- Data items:
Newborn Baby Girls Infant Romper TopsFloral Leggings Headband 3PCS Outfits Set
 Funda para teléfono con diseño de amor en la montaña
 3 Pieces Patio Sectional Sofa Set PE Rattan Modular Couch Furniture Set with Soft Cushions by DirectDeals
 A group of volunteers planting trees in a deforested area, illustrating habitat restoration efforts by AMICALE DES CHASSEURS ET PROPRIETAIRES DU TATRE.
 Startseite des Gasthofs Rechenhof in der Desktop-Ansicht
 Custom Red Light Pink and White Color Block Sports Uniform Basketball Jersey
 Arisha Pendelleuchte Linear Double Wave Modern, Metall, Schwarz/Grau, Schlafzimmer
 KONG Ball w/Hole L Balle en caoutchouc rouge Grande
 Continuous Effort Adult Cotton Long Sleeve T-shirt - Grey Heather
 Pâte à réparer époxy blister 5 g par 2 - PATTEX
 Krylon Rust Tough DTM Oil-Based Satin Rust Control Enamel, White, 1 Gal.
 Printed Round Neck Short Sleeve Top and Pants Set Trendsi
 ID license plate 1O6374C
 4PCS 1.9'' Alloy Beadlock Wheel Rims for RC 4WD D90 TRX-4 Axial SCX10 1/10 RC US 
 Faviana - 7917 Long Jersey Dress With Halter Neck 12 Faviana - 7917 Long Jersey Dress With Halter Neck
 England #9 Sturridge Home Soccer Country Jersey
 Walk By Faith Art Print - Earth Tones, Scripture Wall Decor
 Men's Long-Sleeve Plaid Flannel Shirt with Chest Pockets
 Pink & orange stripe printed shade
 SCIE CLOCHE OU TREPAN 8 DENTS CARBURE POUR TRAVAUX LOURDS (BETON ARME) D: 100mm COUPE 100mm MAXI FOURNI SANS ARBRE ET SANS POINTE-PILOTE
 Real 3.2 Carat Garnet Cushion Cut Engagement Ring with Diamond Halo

- Assigned task:
A word-for-word transcription of all the data is needed.

- Written solution:
Newborn Baby Girls Infant Romper TopsFloral Leggings Headband 3PCS Outfits Set
 Funda para teléfono con diseño de amor en la montaña
 3 Pieces Patio Sectional Sofa Set PE Rattan Modular Couch Furniture Set with Soft Cushions by DirectDeals
 A group of volunteers planting trees in a deforested area, illustrating habitat restoration efforts by AMICALE DES CHASSEURS ET PROPRIETAIRES DU TATRE.
 Startseite des Gasthofs Rechenhof in der Desktop-Ansicht
 Custom Red Light Pink and White Color Block Sports Uniform Basketball Jersey
 Arisha Pendelleuchte Linear Double Wave Modern, Metall, Schwarz/Grau, Schlafzimmer
 KONG Ball w/Hole L Balle en caoutchouc rouge Grande
 Continuous Effort Adult Cotton Long Sleeve T-shirt - Grey Heather
 Pâte à réparer époxy blister 5 g par 2 - PATTEX
 Krylon Rust Tough DTM Oil-Based Satin Rust Control Enamel, White, 1 Gal.
 Printed Round Neck Short Sleeve Top and Pants Set Trendsi
 ID license plate 1O6374C
 4PCS 1.9'' Alloy Beadlock Wheel Rims for RC 4WD D90 TRX-4 Axial SCX10 1/10 RC US 
 Faviana - 7917 Long Jersey Dress With Halter Neck 12 Faviana - 7917 Long Jersey Dress With Halter Neck
 England #9 Sturridge Home Soccer Country Jersey
 Walk By Faith Art Print - Earth Tones, Scripture Wall Decor
 Men's Long-Sleeve Plaid Flannel Shirt with Chest Pockets
 Pink & orange stripe printed shade
 SCIE CLOCHE OU TREPAN 8 DENTS CARBURE POUR TRAVAUX LOURDS (BETON ARME) D: 100mm COUPE 100mm MAXI FOURNI SANS ARBRE ET SANS POINTE-PILOTE
 Real 3.2 Carat Garnet Cushion Cut Engagement Ring with Diamond Halo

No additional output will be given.